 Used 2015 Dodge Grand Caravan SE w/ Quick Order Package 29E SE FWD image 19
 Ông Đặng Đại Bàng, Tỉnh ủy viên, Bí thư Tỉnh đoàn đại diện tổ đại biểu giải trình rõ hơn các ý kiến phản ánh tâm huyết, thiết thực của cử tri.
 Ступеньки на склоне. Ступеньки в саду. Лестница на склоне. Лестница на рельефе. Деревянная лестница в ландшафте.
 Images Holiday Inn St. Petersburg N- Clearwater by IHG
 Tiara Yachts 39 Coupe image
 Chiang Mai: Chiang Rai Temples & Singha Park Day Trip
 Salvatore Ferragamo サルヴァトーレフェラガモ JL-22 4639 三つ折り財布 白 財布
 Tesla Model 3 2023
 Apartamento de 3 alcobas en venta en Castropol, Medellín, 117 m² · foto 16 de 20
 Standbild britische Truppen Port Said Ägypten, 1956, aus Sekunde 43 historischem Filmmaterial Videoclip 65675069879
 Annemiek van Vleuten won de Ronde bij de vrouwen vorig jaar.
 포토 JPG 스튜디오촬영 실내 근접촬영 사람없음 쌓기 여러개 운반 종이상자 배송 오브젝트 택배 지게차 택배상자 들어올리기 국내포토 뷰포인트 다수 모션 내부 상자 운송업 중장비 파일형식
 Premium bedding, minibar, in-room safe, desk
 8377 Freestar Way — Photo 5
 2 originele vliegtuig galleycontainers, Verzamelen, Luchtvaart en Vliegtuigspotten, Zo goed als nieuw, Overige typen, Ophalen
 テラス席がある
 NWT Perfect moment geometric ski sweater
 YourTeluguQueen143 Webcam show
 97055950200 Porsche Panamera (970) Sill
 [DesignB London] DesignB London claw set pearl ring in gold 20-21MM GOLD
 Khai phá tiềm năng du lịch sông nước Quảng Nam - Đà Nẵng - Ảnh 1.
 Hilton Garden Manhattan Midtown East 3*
##############################
» **Your objective**
Write out, word for word, the line that contains "Ступеньки на склоне." and every line after it through the last line of the listing.

» **Completed task**
 Ступеньки на склоне. Ступеньки в саду. Лестница на склоне. Лестница на рельефе. Деревянная лестница в ландшафте.
 Images Holiday Inn St. Petersburg N- Clearwater by IHG
 Tiara Yachts 39 Coupe image
 Chiang Mai: Chiang Rai Temples & Singha Park Day Trip
 Salvatore Ferragamo サルヴァトーレフェラガモ JL-22 4639 三つ折り財布 白 財布
 Tesla Model 3 2023
 Apartamento de 3 alcobas en venta en Castropol, Medellín, 117 m² · foto 16 de 20
 Standbild britische Truppen Port Said Ägypten, 1956, aus Sekunde 43 historischem Filmmaterial Videoclip 65675069879
 Annemiek van Vleuten won de Ronde bij de vrouwen vorig jaar.
 포토 JPG 스튜디오촬영 실내 근접촬영 사람없음 쌓기 여러개 운반 종이상자 배송 오브젝트 택배 지게차 택배상자 들어올리기 국내포토 뷰포인트 다수 모션 내부 상자 운송업 중장비 파일형식
 Premium bedding, minibar, in-room safe, desk
 8377 Freestar Way — Photo 5
 2 originele vliegtuig galleycontainers, Verzamelen, Luchtvaart en Vliegtuigspotten, Zo goed als nieuw, Overige typen, Ophalen
 テラス席がある
 NWT Perfect moment geometric ski sweater
 YourTeluguQueen143 Webcam show
 97055950200 Porsche Panamera (970) Sill
 [DesignB London] DesignB London claw set pearl ring in gold 20-21MM GOLD
 Khai phá tiềm năng du lịch sông nước Quảng Nam - Đà Nẵng - Ảnh 1.
 Hilton Garden Manhattan Midtown East 3*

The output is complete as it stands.